Couple of suggestions, out of guts not simulation:
Here was nice thread discussing this, even if thread wondered back and forward off subject... https://www.diyaudio.com/community/...tempt-this-time-4-of-them.410291/post-7626962
It is in my pipeline to do almost exactly the same, with single LM3886 for surround and general amp for easy load, and one with 3 x in parallel for 4 ohm sonus fabers with notorious load.

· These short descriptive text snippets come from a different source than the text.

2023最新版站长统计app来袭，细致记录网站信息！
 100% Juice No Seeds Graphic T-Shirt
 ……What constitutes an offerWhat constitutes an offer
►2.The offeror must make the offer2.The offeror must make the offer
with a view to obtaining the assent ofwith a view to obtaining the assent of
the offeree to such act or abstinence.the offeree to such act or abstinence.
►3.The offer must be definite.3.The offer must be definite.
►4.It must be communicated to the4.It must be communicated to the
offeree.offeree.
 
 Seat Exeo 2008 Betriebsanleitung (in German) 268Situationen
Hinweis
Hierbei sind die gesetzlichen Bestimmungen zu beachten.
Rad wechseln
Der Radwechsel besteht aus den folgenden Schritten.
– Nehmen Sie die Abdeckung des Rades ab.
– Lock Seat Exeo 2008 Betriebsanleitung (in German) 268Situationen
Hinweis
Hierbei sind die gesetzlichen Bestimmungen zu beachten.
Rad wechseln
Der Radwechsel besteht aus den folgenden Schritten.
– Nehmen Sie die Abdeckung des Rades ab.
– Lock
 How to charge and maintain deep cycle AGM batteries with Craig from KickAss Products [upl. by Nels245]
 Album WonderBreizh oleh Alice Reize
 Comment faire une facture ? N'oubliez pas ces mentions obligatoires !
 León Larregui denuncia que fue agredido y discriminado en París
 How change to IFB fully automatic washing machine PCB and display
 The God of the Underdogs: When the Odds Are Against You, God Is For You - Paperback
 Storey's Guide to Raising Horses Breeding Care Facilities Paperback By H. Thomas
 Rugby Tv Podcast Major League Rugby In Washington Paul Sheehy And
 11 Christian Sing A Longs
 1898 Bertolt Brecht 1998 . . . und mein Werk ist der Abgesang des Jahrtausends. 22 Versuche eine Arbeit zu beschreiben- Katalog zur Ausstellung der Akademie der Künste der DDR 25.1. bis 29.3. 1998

Couple of suggestions, out of guts not simulation:
- I would remove C11 and C12 and corresponding resistors R11 and R12 , any imbalance in these caps will deteriorate CMR, a point of merit for differential input. Just CC should do enough for RF filtering
- Reduce feedback resistors , all of them, to the minimum that input signal can drive. R13 and R14 around 1 kohm (without R11 and R12) should be ok noise wise, then reduce 47k resistors adequately for target gain
- All 4 same value FB resistors 0.01 % matched
- Also, I would increase input coupling caps a lot, like 470uF, to remove any input impedance dissemblance out of audio range.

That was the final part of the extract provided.